I have a confession to make: I didn’t really know what this book was about before I started it. All I knew was that it was set in Egypt, it seemed to promise action, and it had a high average rating (4.08 at the time of writing). Thus, I expected a good book which would wow me with its spectacular contents and make me applaud my decision to just spontaneously pick up a book and read it.


Their loss had not brought them together, indeed without music, entertainments or the feasting of guests, the bare bones of their estrangement from one another began to show through, stark and cruel. Nubnofret had completely withdrawn from them all. Hori, too, had retreated into his private hell where even Sheritra, though they spent much time together, could not follow.

This book is more family drama than anything. In one sentence, it is about how a man’s mid-life crisis slowly destroys his family.



But wait! There’s more! There’s also a predicable mystery involved! And, and, and…sex! There’s sex, here, too! From all the members of the family! There’s also a lot of shouting and irrational actions which makes you want to punch the main character in the face!

Now, if that’s not the definition of interesting, I don’t know what is.



Let me explain my points one by one.

Point #1: The Predictable Mystery
Hmm…picture this. You have been searching for a scroll with the power to raise the dead all your life, so presumably you are familiar with the scroll and all its properties.
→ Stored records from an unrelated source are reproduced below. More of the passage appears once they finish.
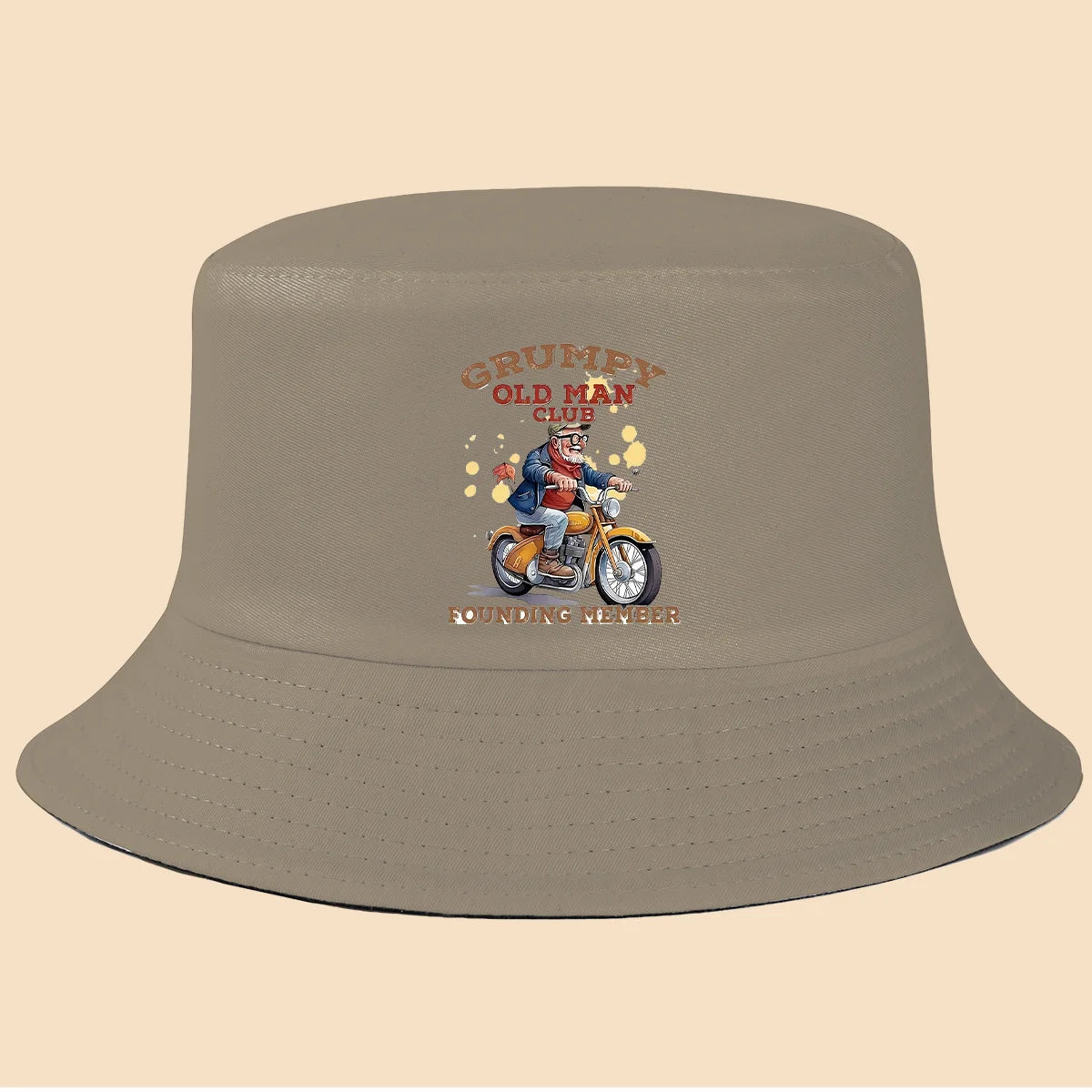 Grumpy Old Man Club Bucket Hat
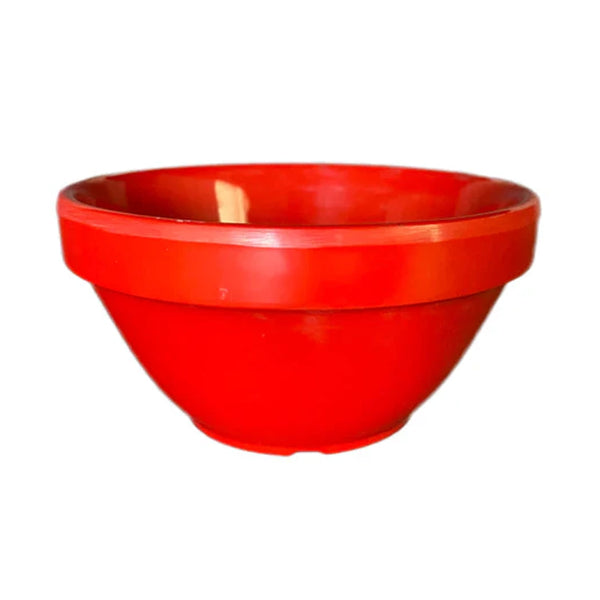Thunder Group Bouillon Cup 12/Pcs is perfect for individual servings of creamy soup, portions of salad, side dishes and more. Nice colors and modest design makes this cup a great addition to any table setting. The bouillon cup has a smooth surface and a wide rim that is convenient to hold for all age groups. Its break-resistant quality serves well for all types of establishments. This bouillon cup is dishwasher safe. Non-toxic, NSF approved. Not for use in a microwave.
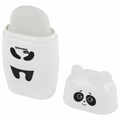 Точилка с ластиком 2 в 1 BRAUBERG KIDS "Панда", 2 отверстия, блистер, 271988 271988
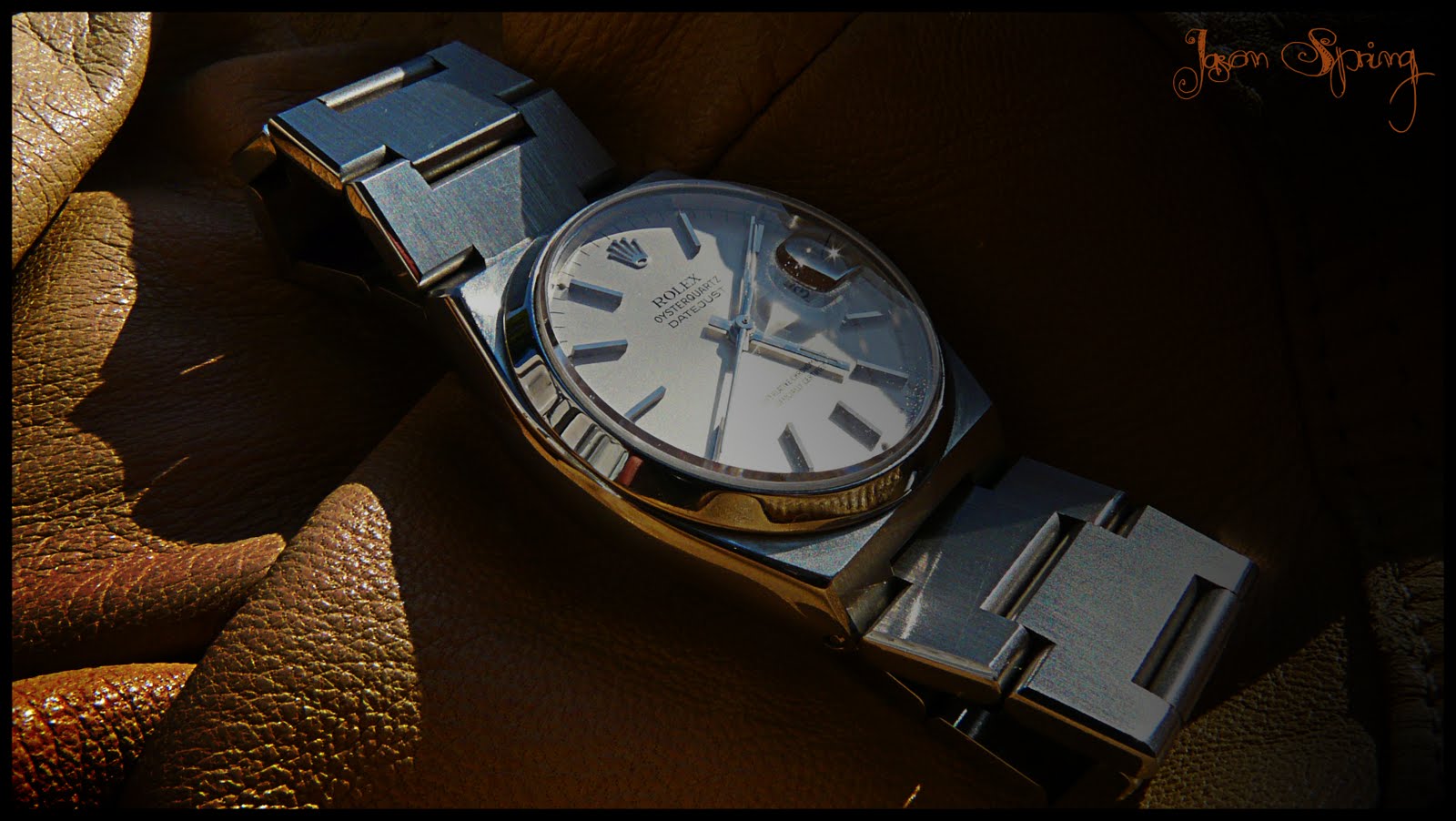 Référence de pile pour une Oysterquartz Tf8d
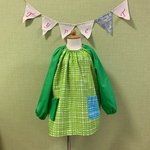 rm2515様専用！名入れ刺繍可能！可愛いダック スモック110cm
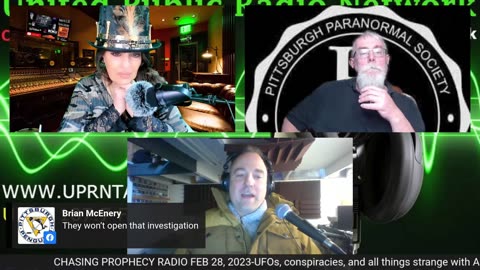 CHASING PROPHECY RADIO SHOW. FEB. 28, 2023 The Alien Conspiracy..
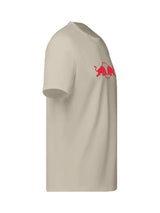 Oracle Red Bull Racing T-shirt, SPARK edition, sand, with logo
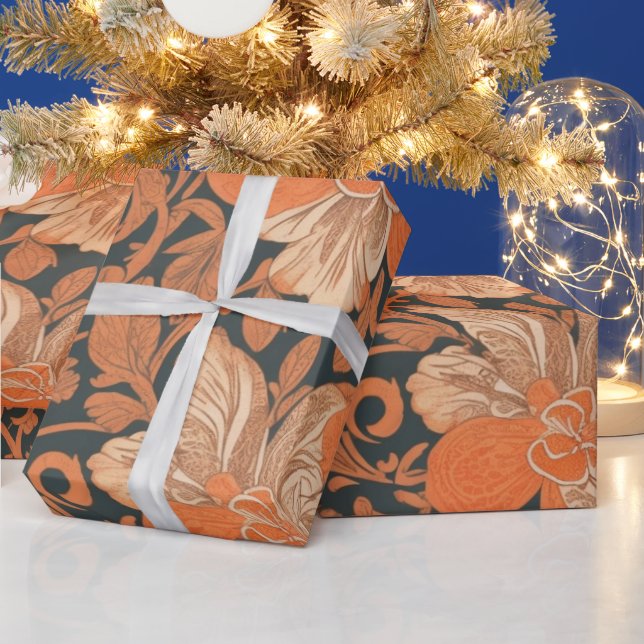 Papier Cadeau Impression hawaïenne Ohai Alii v2 motif papier d'e (Vacances)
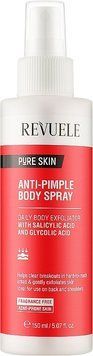 Спрей для тіла проти прищів Revuele Pure Skin Anti-Pimple Body Spray 00567 фото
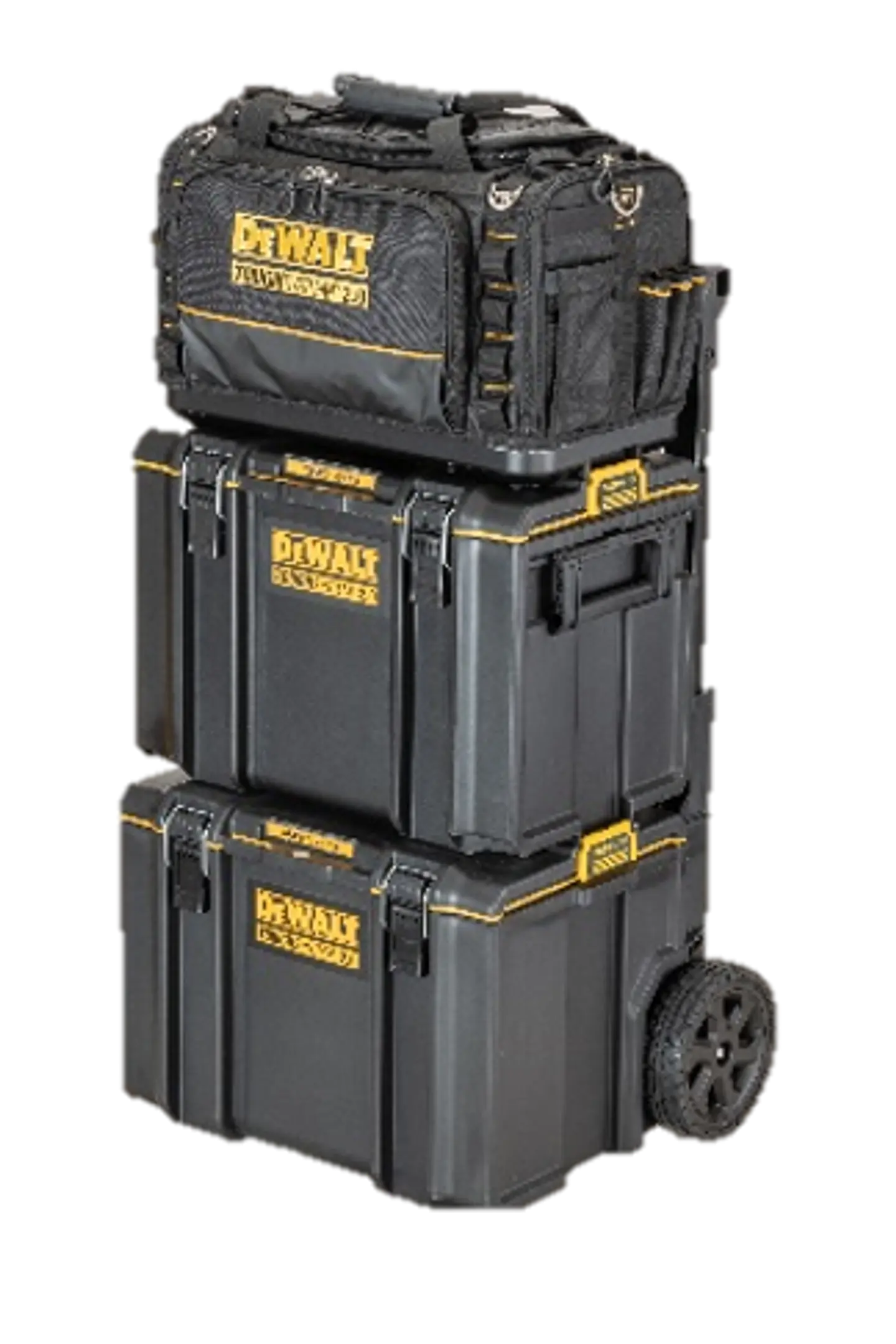 Trolley ToughSystem™ 2.0 com 2 Malas + Bolsa para Ferramentas DWST83402-4 DEWALT 1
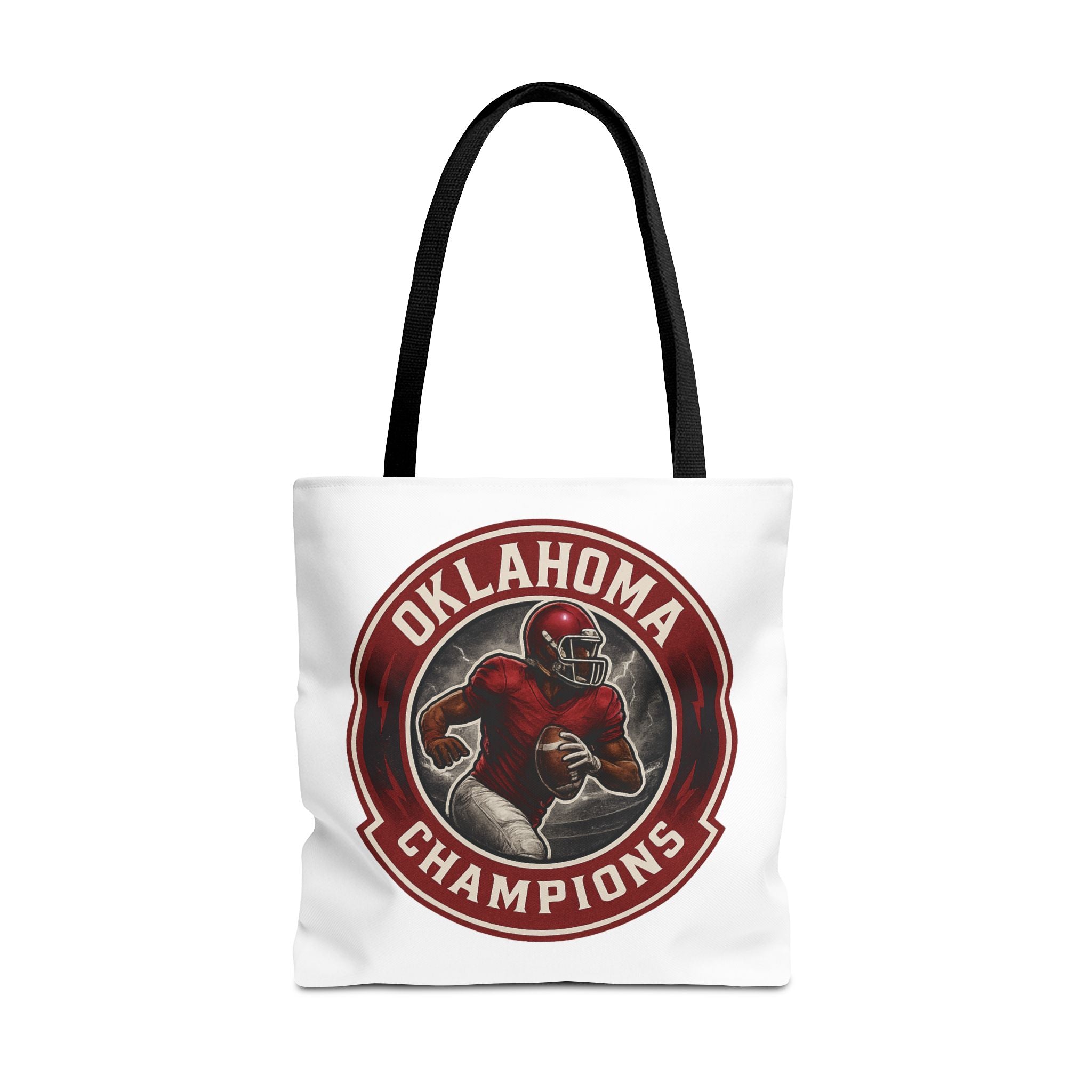 Oklahoma Champions Tote Bag, Sports Fan Tote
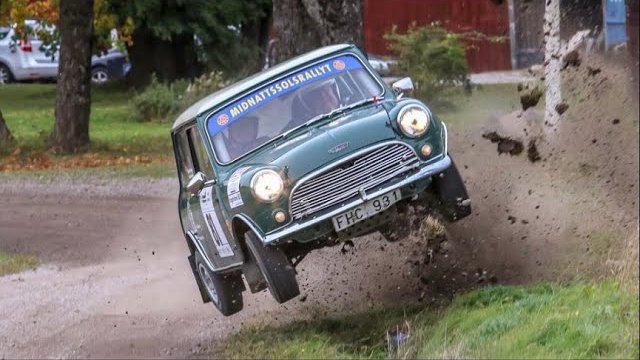 Historic rallying -On the limit and beyond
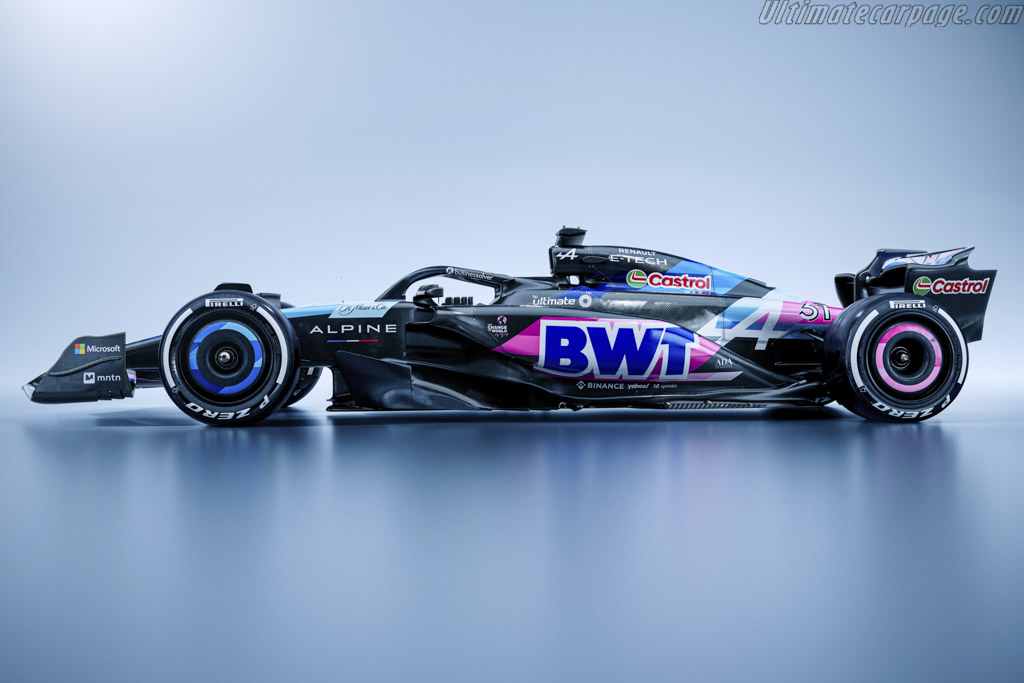 Alpine A524 Renault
Suddenly, you find your first heretofore unopened tomb. It houses a husband-and-wife duo. What’s more, you find an ancient scroll sewn into the hand of one of the mummies. You steal it (obviously), and after translating it from ancient Egyptian to modern Egyptian, you realise it is a spell of some kind.
Falling silent, it occurred to him suddenly that the rhythm was familiar because the words were the building blocks of a spell, and as every magician knew, spells had a particular flow to them, when chanted, that poetry did not have. I have been singing a spell of some kind, he thought, sitting back with a shudder of apprehension. That was stupid of me, to voice and thus give power to something that I do not understand. I have no idea what just came out of my mouth.

Then, a few days after you do so, your son comes to tell you he found a secret room in the tomb the scroll came from. What’s more, although obviously designed to house mummies, there are no mummies present, and he also found a turquoise earring in the tunnel leading out of the tomb.

At the same time, you begin to obsess over a woman of mysterious origins. She lives with a man she claims is her brother. She also claims to be some kind of nobility from a backwater town, with no ambitions whatsoever.

At this point, WHAT THE FUCK DO YOU THINK THAT SCROLL WAS??? WHO THE FUCK DO YOU THINK THE WOMAN IS???



Point #2: The Sex
Well…this one’s kinda self-explanatory, isn’t it? Basically, all the males in the family lust after the same woman (bonus points if you can guess which one), and the homely daughter falls at the feet of the woman’s son, because he’s (a) handsome and (b) the first one to show interest in her.


Seventy days imprisoned here, away from Harmin, away from Tbubui, no desert sunsets feeding honeyed dates to the yellow dog, no board games played lazily under the palms, no Harmin in my bed.

(Also, again maybe as a bonus, all the romance in this book is insta-love.)

Point #3: The Irrational Actions
This one just makes me mad.







You know that frustration you feel when you’re reading a book (usually YA), and the main character is just consistently TSTL? Yeah, that’s what I’m feeling right now. Times 2.5. Because that’s two of the characters throughout the entire book and one of the characters throughout half the book.
His father had ceased to be a calm, kindly man, and had let the administration of the country slide towards a chaos that could well ruin them all. His mother was imprisoned in an icy unhappiness. Sheritra’s response to his revelations about Tbubui had been instantly selfish and defensive of Harmin, and it was clear that her world had shrunk to the lineaments of his body.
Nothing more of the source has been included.